Growth, puberty, and endocrine functions in patients with sporadic or familial neurofibromatosis type 1: a longitudinal study.
ABSTRACT This study prospectively evaluates parameters of growth, puberty, and attained adult height in children with sporadic or familial occurrence of neurofibromatosis type 1 (NF-1), followed up longitudinally, to define the most important factors affecting these parameters.
The study was made up of 89 patients (55 boys, 34 girls) with sporadic (n = 45) or familial NF-1 (13 affected fathers and 31 affected mothers). The average age at referral was 8.9 years (range 8.5-15 years), and the average follow-up period was 8.5 years (6-15 years). A total of 28 patients attained adult height at the time of the report. Anthropometric measurements and bone age determinations were performed at 6- to 12-month intervals. As indicated, central nervous system (CNS) imaging was performed on 60 patients. Serum levels of thyroid stimulating hormone, free T4, lutheinizing hormone, follicle stimulating hormone, testosterone or estradiol, cortisol, and prolactin were measured in all patients periodically, and the pituitary growth hormone reserve was assessed in 32 short patients.
CNS pathology was found in 23 of the 89 patients. A total of 6 patients required neurosurgery, and 2 patients had cranial irradiation. Of these patients, 3 were receiving recombinant growth hormone and thyroxin replacement therapy and 5 patients with precocious puberty were treated with a gonadotropin-releasing hormone analog.

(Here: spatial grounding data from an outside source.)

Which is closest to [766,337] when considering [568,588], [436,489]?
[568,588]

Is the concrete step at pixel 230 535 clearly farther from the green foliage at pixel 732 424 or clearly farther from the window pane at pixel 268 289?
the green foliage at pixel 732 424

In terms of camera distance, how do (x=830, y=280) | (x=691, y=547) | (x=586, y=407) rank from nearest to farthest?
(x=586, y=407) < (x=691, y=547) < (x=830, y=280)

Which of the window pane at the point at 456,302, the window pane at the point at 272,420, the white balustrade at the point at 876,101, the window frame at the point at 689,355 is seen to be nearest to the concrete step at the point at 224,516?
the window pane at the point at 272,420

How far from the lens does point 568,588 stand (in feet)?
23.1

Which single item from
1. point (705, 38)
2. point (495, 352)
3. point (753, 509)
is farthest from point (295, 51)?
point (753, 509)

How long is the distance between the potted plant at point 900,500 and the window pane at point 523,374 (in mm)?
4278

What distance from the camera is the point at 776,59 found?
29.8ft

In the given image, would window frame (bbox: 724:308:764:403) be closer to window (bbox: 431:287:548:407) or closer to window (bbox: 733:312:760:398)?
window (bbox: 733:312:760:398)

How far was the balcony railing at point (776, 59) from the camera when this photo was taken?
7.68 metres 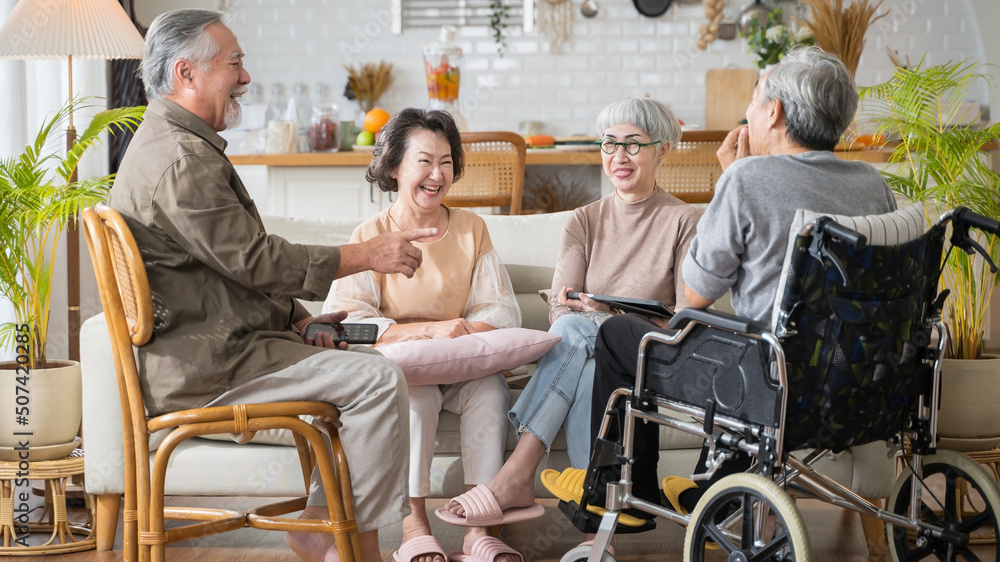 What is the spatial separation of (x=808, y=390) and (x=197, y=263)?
46.6 inches

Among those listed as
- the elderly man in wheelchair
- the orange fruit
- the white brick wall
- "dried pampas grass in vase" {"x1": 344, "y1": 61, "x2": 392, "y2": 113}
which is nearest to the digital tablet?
the elderly man in wheelchair

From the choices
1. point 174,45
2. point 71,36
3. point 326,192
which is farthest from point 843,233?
point 326,192

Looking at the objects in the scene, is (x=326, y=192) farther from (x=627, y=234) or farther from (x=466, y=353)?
(x=466, y=353)

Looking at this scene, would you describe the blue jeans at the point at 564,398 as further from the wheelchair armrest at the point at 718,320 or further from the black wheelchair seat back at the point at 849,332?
the black wheelchair seat back at the point at 849,332

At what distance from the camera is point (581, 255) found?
2.71 m

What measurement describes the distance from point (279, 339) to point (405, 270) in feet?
0.99

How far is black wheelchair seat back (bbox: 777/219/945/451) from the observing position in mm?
1708

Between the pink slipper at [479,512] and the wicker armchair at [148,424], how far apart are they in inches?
14.6

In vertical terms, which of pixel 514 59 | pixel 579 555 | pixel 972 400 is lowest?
pixel 579 555

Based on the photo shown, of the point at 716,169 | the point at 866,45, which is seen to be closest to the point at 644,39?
the point at 866,45

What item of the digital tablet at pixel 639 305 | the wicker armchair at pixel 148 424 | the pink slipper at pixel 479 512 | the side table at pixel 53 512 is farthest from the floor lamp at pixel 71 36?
the digital tablet at pixel 639 305

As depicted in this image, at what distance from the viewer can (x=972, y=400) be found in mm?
2545

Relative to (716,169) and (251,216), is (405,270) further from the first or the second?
(716,169)

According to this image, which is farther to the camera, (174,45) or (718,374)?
(174,45) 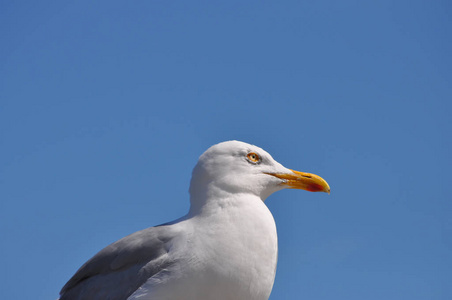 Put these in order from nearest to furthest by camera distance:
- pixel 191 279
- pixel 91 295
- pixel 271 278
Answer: pixel 191 279
pixel 271 278
pixel 91 295

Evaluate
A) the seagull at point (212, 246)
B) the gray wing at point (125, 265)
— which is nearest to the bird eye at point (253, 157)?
the seagull at point (212, 246)

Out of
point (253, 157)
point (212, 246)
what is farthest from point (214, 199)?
point (253, 157)

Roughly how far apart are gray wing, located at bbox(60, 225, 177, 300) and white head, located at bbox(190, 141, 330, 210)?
2.19 feet

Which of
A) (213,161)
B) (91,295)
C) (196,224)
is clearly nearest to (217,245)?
(196,224)

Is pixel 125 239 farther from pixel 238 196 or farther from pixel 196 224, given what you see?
pixel 238 196

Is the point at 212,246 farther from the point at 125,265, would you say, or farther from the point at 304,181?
the point at 304,181

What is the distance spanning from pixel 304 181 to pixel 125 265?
2.33 metres

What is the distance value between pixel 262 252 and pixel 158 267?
43.6 inches

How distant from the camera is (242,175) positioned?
239 inches

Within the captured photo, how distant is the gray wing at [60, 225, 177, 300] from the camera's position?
566 centimetres

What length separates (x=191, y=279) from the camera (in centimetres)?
525

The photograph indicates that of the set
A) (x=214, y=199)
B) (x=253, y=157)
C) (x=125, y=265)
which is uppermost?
(x=253, y=157)

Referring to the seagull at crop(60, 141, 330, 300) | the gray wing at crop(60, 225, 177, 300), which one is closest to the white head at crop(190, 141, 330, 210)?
the seagull at crop(60, 141, 330, 300)

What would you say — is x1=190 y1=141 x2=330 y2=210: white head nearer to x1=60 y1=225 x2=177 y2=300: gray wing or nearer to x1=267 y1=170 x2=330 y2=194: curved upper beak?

All other patients had normal endocrine tests. Precocious puberty was recorded in 5 patients and was more common among the familial cases. The 5 patients with precocious puberty also had CNS pathology. Short stature (<10th percentile) was observed in 25.5% of the patients during the prepubertal period with a significant gradual reduction of their relative height for age (standard scores) during puberty. Short adult height was noted in 12 (43%) of 28 patients, and only 50% of the 28 patients attained an adult height that was appropriate for their respective target height. Short stature was more common among patients with familial NF-1, particularly if the father was affected, and among those patients with CNS pathology. Parental short stature was observed in 39% of the mothers and in 33% of the fathers (59% and 54% among the affected parents, respectively). Tall stature (>90th percentile) was observed in 4 of 89 patients (4.5%), who all had CNS tumors. A highly significant correlation was found among all adult height-predicting parameters (r =.79), and attained adult height was best correlated with the target height (r =.7; n = 28).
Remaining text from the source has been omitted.